Enter the “Manga Guide to the Universe, a manga book focused on a high school drama club. The book is a mix between typical manga comics and a scientific look at the universe — and it does a great job of breaking down complex space-related theories.

The authors even include a soccer diagram in the book to help relate how the universe was born, relaying yet another refreshing method to educate readers. Towards the end of each chapter, the authors include a technical breakdown of the scientific knowledge learned in that chapter – a great addition to the cute images used.

The book clearly wasn’t written to replace a text book, but can be used a great addition to help break down the general knowledge of space. “Manga Guide to the Galaxy” includes information about the solar system, how the universe was born, famous telescopes, discussion of the Heliocentric model, and other basic space information readers should know.

“Manga Guide to the Universe” is extremely easy to read, even if you’re not a science or space guru, and is recommended reading for anyone looking to learn.

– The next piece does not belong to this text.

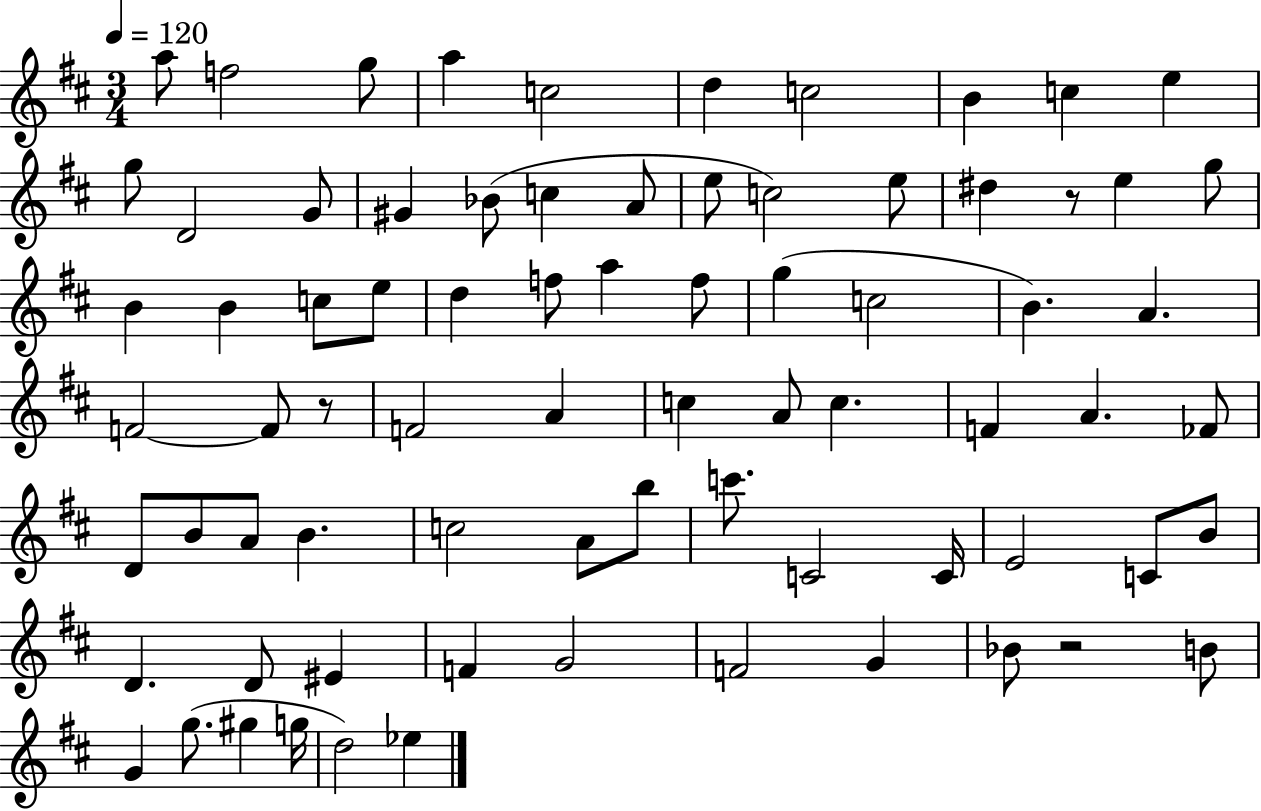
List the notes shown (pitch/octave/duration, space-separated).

A5/e F5/h G5/e A5/q C5/h D5/q C5/h B4/q C5/q E5/q G5/e D4/h G4/e G#4/q Bb4/e C5/q A4/e E5/e C5/h E5/e D#5/q R/e E5/q G5/e B4/q B4/q C5/e E5/e D5/q F5/e A5/q F5/e G5/q C5/h B4/q. A4/q. F4/h F4/e R/e F4/h A4/q C5/q A4/e C5/q. F4/q A4/q. FES4/e D4/e B4/e A4/e B4/q. C5/h A4/e B5/e C6/e. C4/h C4/s E4/h C4/e B4/e D4/q. D4/e EIS4/q F4/q G4/h F4/h G4/q Bb4/e R/h B4/e G4/q G5/e. G#5/q G5/s D5/h Eb5/q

I think it’s best suited for an adult to try and teach a child about space, because the manga and diagrams help spell things out even better.
You can read the prologue and chapter 1 by clicking here (PDF).

The print & e-book version is available from O’Reilly for $21.95, but you can find a copy of the book on Amazon for less than $14.
I wrote a review of “The Manga Guide to Calculus” in 2009, and found the book to be a fun and unique look into math. After flipping through the “Manga Guide to Biochemistry,” Ted took his copy of the book to work with him. It turns out, researchers and biochem geeks absolutely loved it!

Each book in the Manga Guide series provides an interesting way to relay information on sometimes complicated topics.